Let's examine my need for attention. I always have this need for attention. It feels like a persistent pull, almost like a nagging feeling that won’t quite go away unless it’s been soothed recently. The days drag on as I feel like I’m the doll waiting in the corner for his attention. The quiet moments feel longer, and I often catch myself checking my phone alot more than I should be, he’s just busy with his life. I know it’s not healthy to rely so much on one person for validation or comfort, but at the same time, that attention feels so important to me. It’s something I crave deeply, and when it’s not immediately there, I find myself struggling to focus on other things. I’ve tried to put more effort into finding a vanilla friend, someone I can hang out with outside of our dynamic, but it’s been tough. Building those connections takes time, and I guess I’m just not feeling very patient these days. I am going to try to funnel this into some knitting today. One of the things I used to love doing was knitting. It used to be a peaceful, creative outlet for me, something that could calm my mind and keep my hands busy. But lately, I haven’t been able to get into it. Instead, I’m always looking for that attention.  It’s like my mind is too preoccupied to enjoy what used to bring me so much peace.

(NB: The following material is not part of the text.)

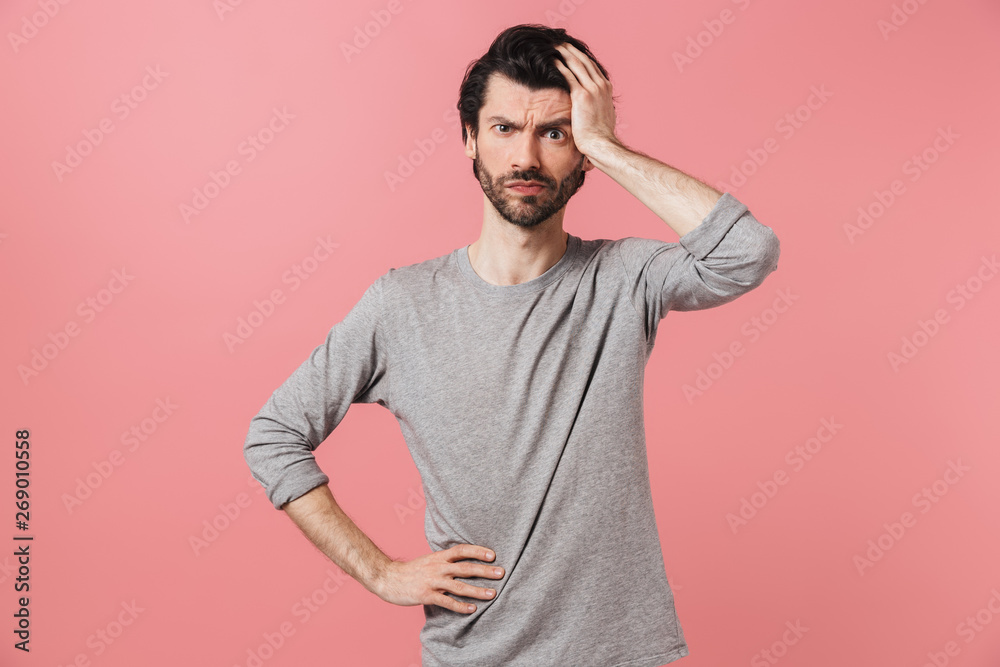 Handsome pensive young bearded brunette man Handsome pensive young bearded brunette man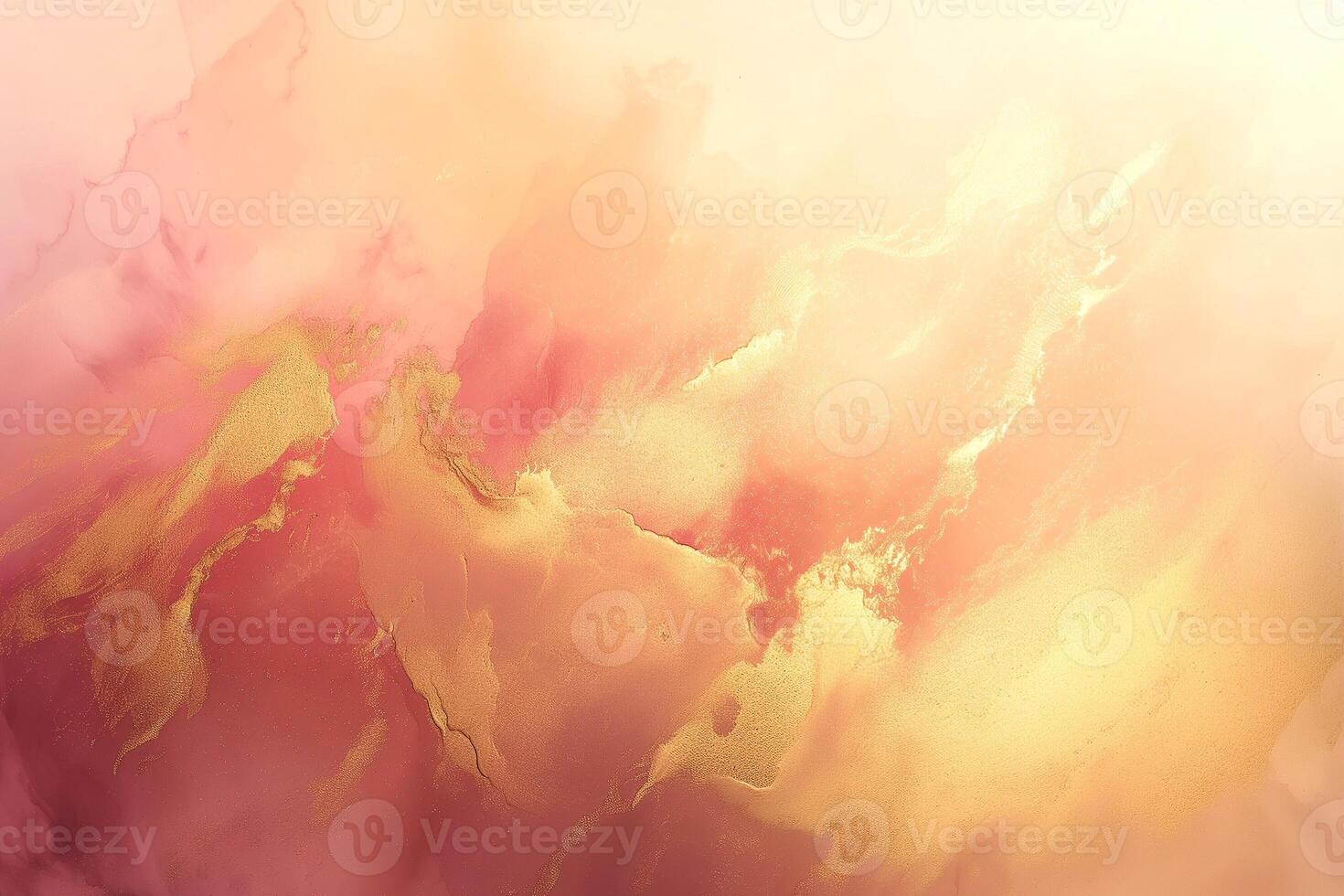 A soft and ethereal blend of pink and gold hues creates a calming abstract background. photo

Today, though, I’m going to try something different. I’m going to make a conscious effort to funnel this need for attention into something more productive like knitting. Maybe if I can immerse myself in the rhythm of the stitches, I’ll be able to calm that restless part of me. It won't be easy to quiet the pain in my heart.

2 weeks ago. September 25, 2024 at 10:38 PM

As a submissive I encounter neediness after a glimpse of being satisfied by my dominant. The universe has just not aligned for us to call very often. Which leads to the neediness of my babygirl side. I put up the wall of my masochistic side but it really gets to me sometimes when it felt like I waited forever to have a set of remote toys and now I lie in wait.